With traditional data parallelism, memory requirement per device is $O(M)$ where $M$ is the model size.

For Adam optimizer, the memory requirement includes:
$$M_{Adam} = 4 \times \text{sizeof}(\theta) + 2 \times \text{sizeof}(\theta) + \text{sizeof}(\theta) = 7 \times \text{sizeof}(\theta)$$

Where the components represent:
- $4 \times \text{sizeof}(\theta)$: Optimizer states (32-bit weights, 32-bit gradients, 32-bit momentum, 32-bit variance)
- $2 \times \text{sizeof}(\theta)$: Forward activations (estimate)
- $\text{sizeof}(\theta)$: Temporary buffers

With ZeRO, these states are partitioned across $N$ devices, reducing per-device memory complexity to $O(M/N)$.

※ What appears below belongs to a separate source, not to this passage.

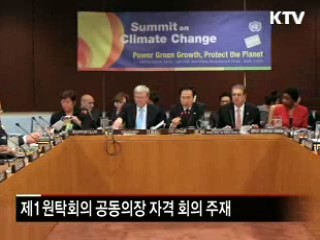 개발도상국 온실가스 자발적 감축 '제안'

## Core Principles of ZeRO

ZeRO is built upon three fundamental principles:

1. **Strategic Partitioning**: Model states (optimizer states, gradients, and parameters) are partitioned across devices instead of being replicated.
   
2. **Dynamic Communication**: Devices exchange necessary data during computation phases through collective communication operations.
   
3. **Progressive Optimization Stages**: ZeRO implements memory optimization in incremental stages (1, 2, 3), each removing more redundancy with increasing communication requirements.

## Detailed Explanation of ZeRO Stages

### ZeRO Stage 1: Optimizer State Partitioning

In Stage 1, ZeRO partitions only the optimizer states across GPUs.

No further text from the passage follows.